• _Information supplied_
┄┄┄┄┄┄┄┄┄┄┄┄┄┄┄┄┄┄┄┄

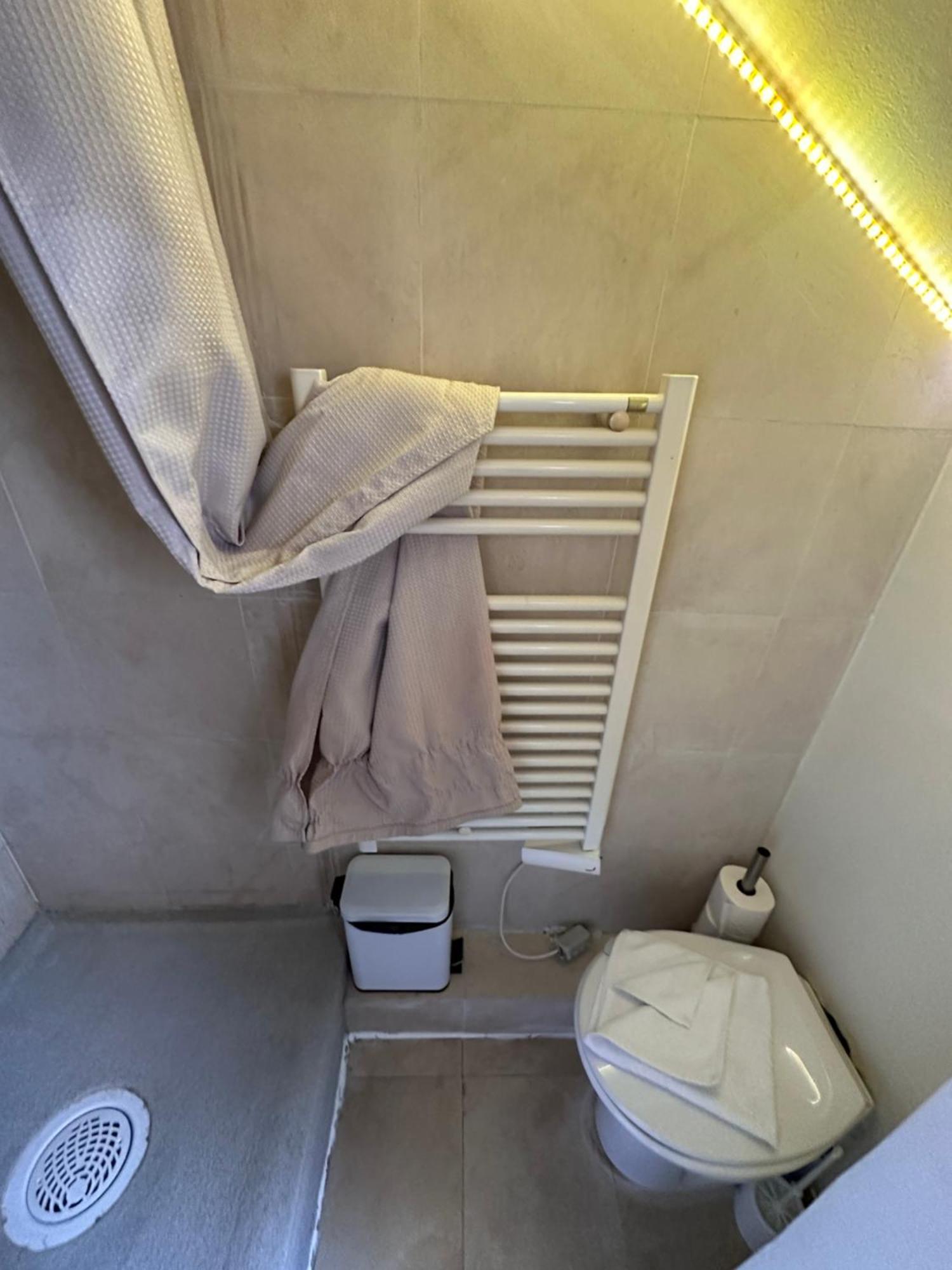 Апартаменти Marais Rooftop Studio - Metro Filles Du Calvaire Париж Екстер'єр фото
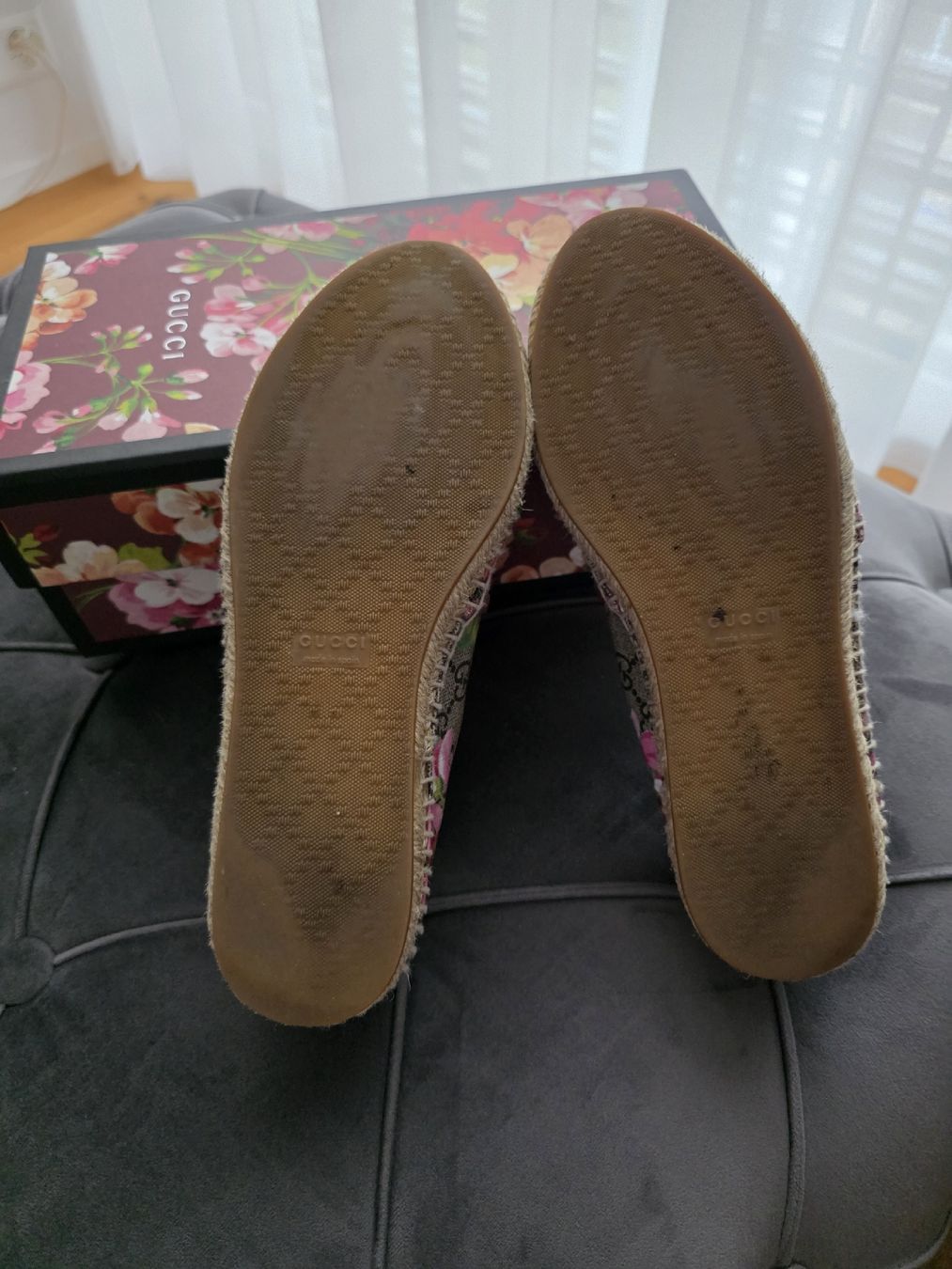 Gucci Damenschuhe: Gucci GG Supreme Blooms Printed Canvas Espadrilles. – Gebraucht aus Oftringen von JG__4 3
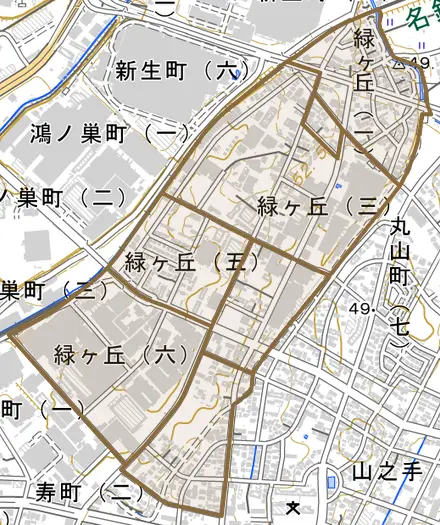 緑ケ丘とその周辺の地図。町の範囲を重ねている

┄┄┄┄┄┄┄┄┄┄┄┄┄┄┄┄┄┄┄┄

• _Requirement_
Reproduce the material in its entirety and word for word, without the pictures.

• _Reply to the task_
 Апартаменти Marais Rooftop Studio - Metro Filles Du Calvaire Париж Екстер'єр фото
 Gucci Damenschuhe: Gucci GG Supreme Blooms Printed Canvas Espadrilles. – Gebraucht aus Oftringen von JG__4 3
 緑ケ丘とその周辺の地図。町の範囲を重ねている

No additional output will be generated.